Work instructions: Reproduce exactly the run of lines that begins with the one containing "Wedding Dreams Unraveled: Significance" and ends with the last line of the records, omitting pictures.
★ ★ ★ ★
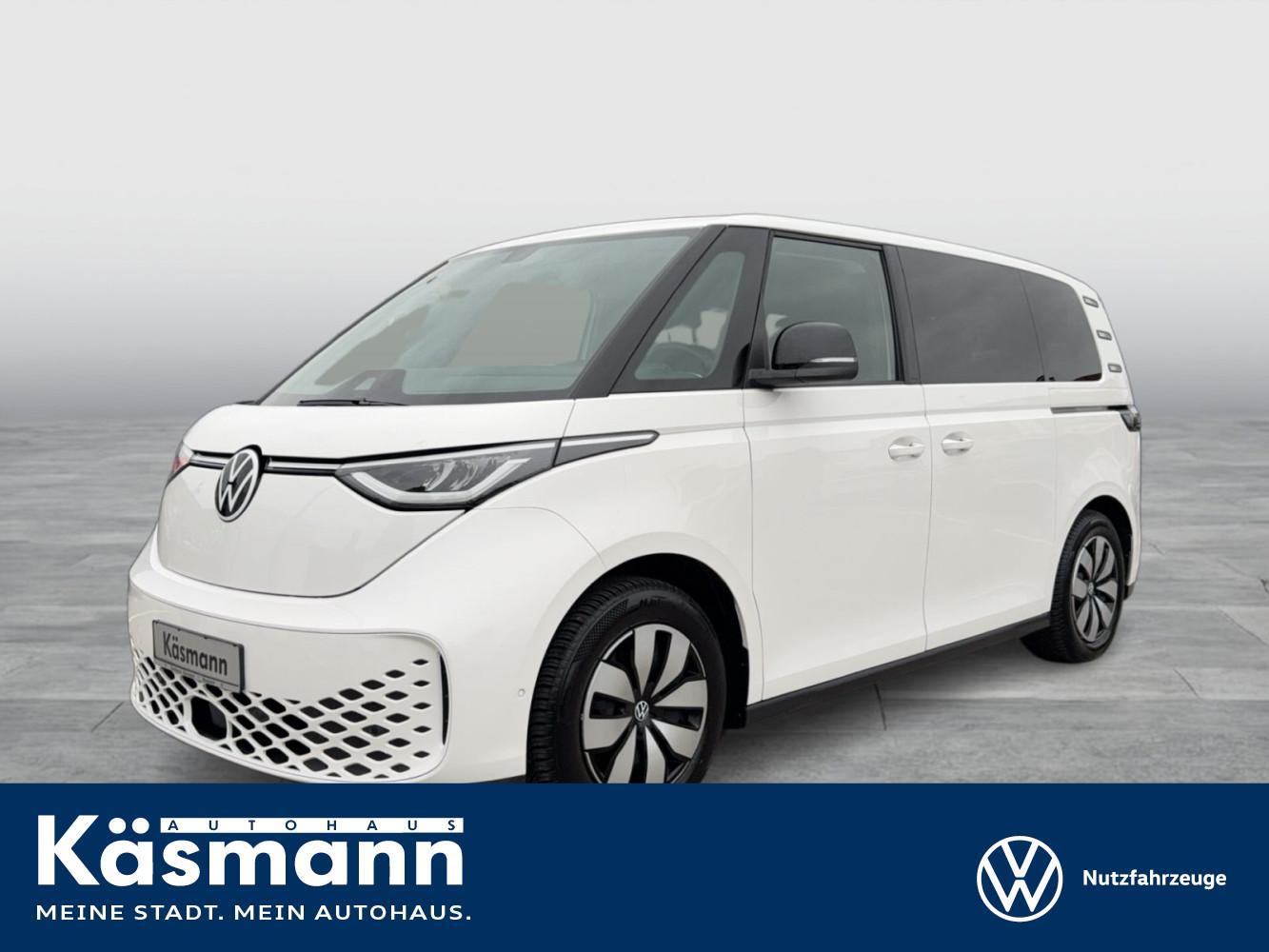 Volkswagen ID. Buzz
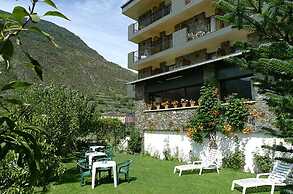 Evenia Monte Alba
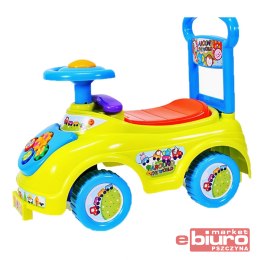 JEŻDZIK Z TELEFONEM 9437 MALIS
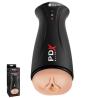 pdx elite fap gasm masturbador succion intermitente vibracion - 1
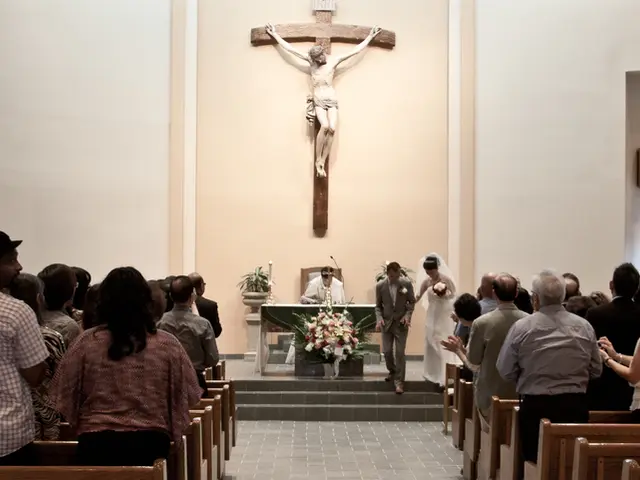 Wedding Dreams Unraveled: Significance and Analysis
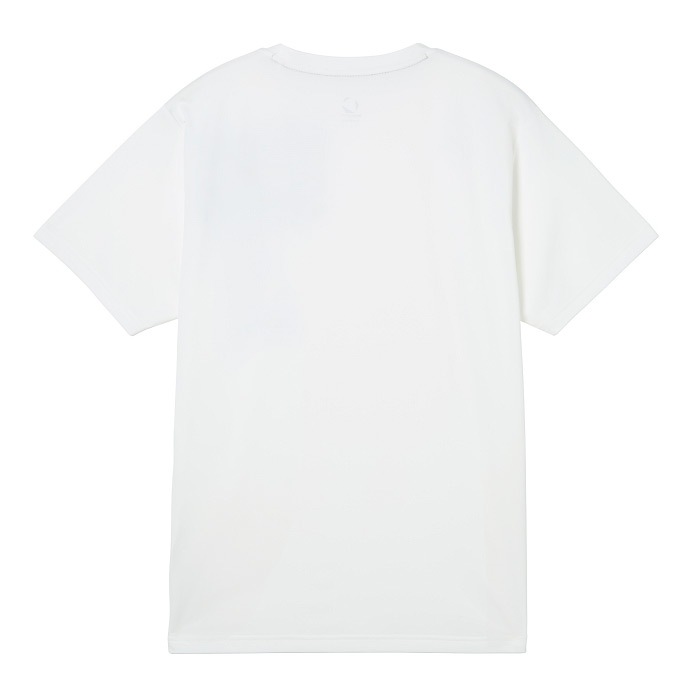 デサント ムーブスポーツ メンズ クーリスト半袖シャツ 半袖Tシャツ ドライ 吸汗速乾 2026年春夏モデル [M便 1/1][自社]【あすつく対応】 ST6SHT10M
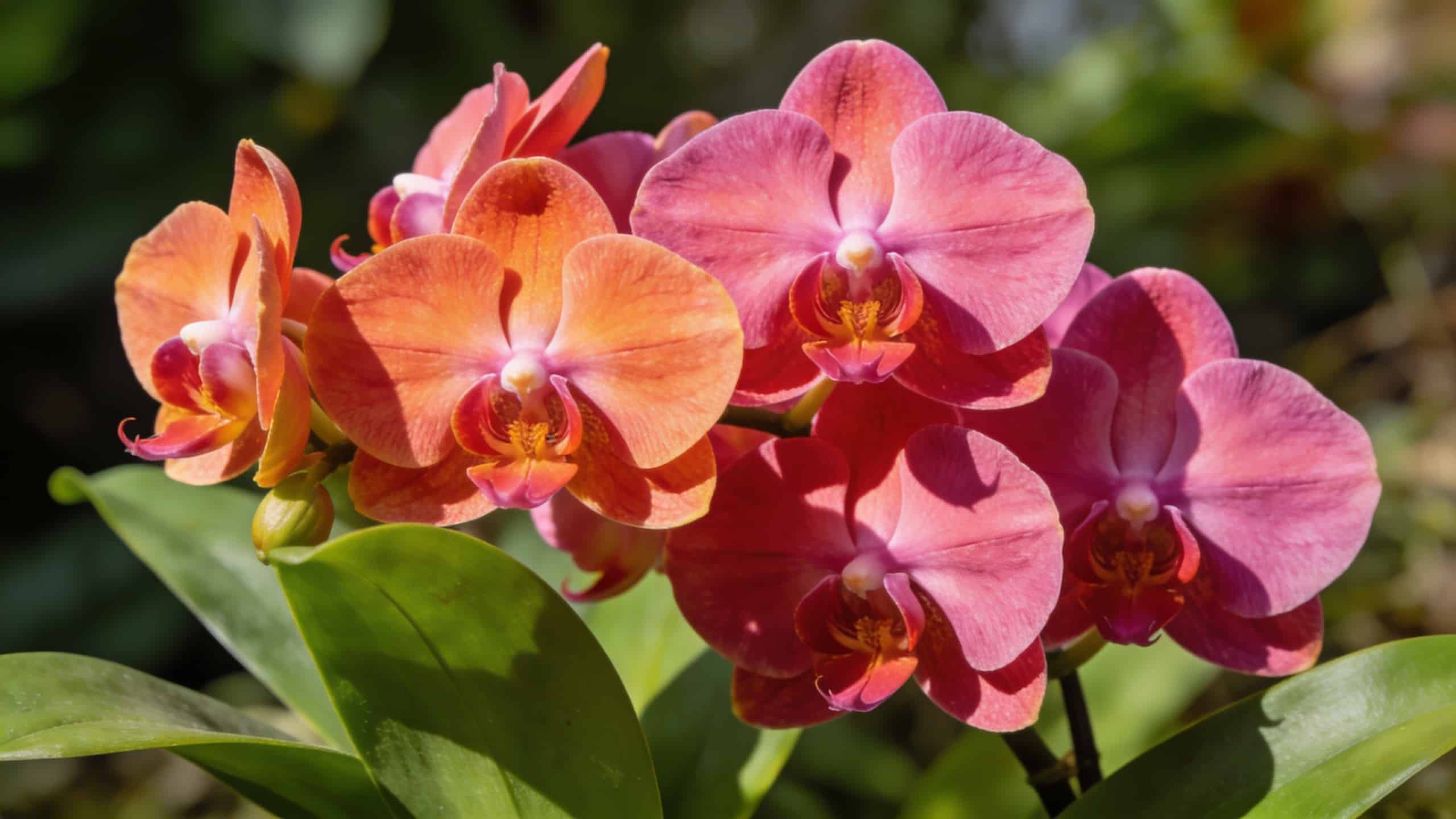 Orchidées : ce que personne ne vous dit, et pourquoi elles meurent toutes de la même façon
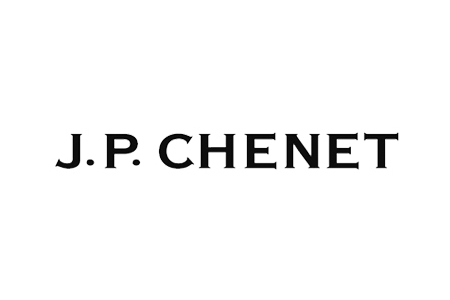 J.P. Chenet logo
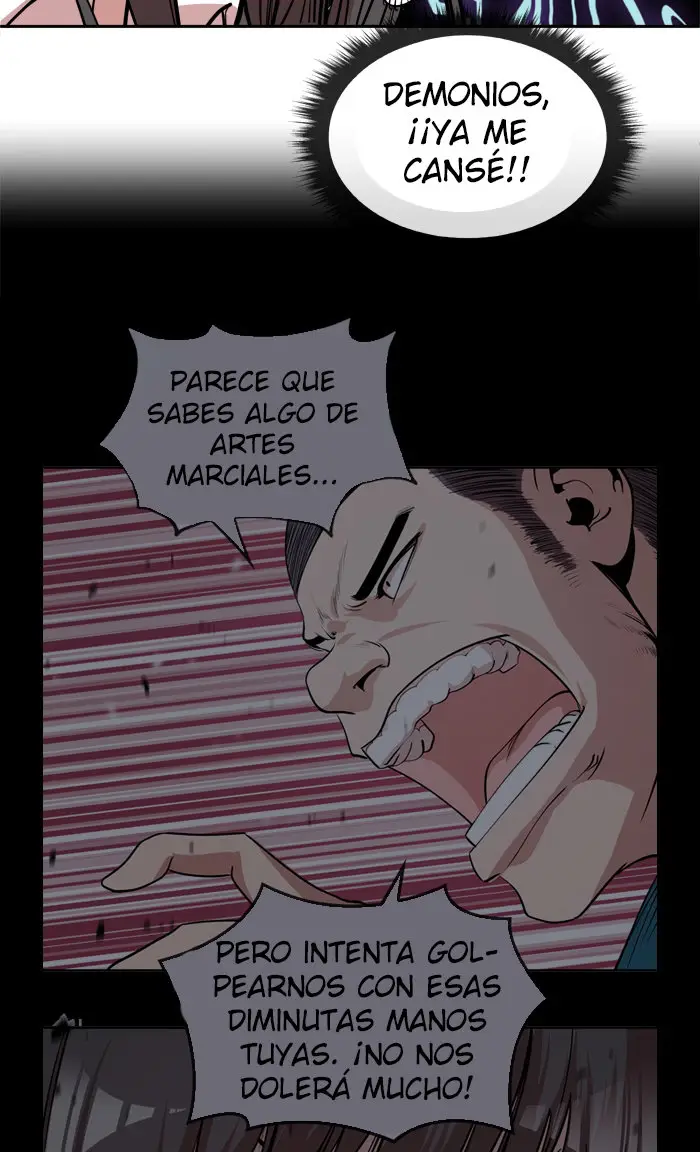 Change - Capítulo 17 - Página 54 - LectorTMOo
★ ★ ★ ★
Response for this exercise:
 Wedding Dreams Unraveled: Significance and Analysis
 デサント ムーブスポーツ メンズ クーリスト半袖シャツ 半袖Tシャツ ドライ 吸汗速乾 2026年春夏モデル [M便 1/1][自社]【あすつく対応】 ST6SHT10M
 Orchidées : ce que personne ne vous dit, et pourquoi elles meurent toutes de la même façon
 J.P. Chenet logo
 Change - Capítulo 17 - Página 54 - LectorTMOo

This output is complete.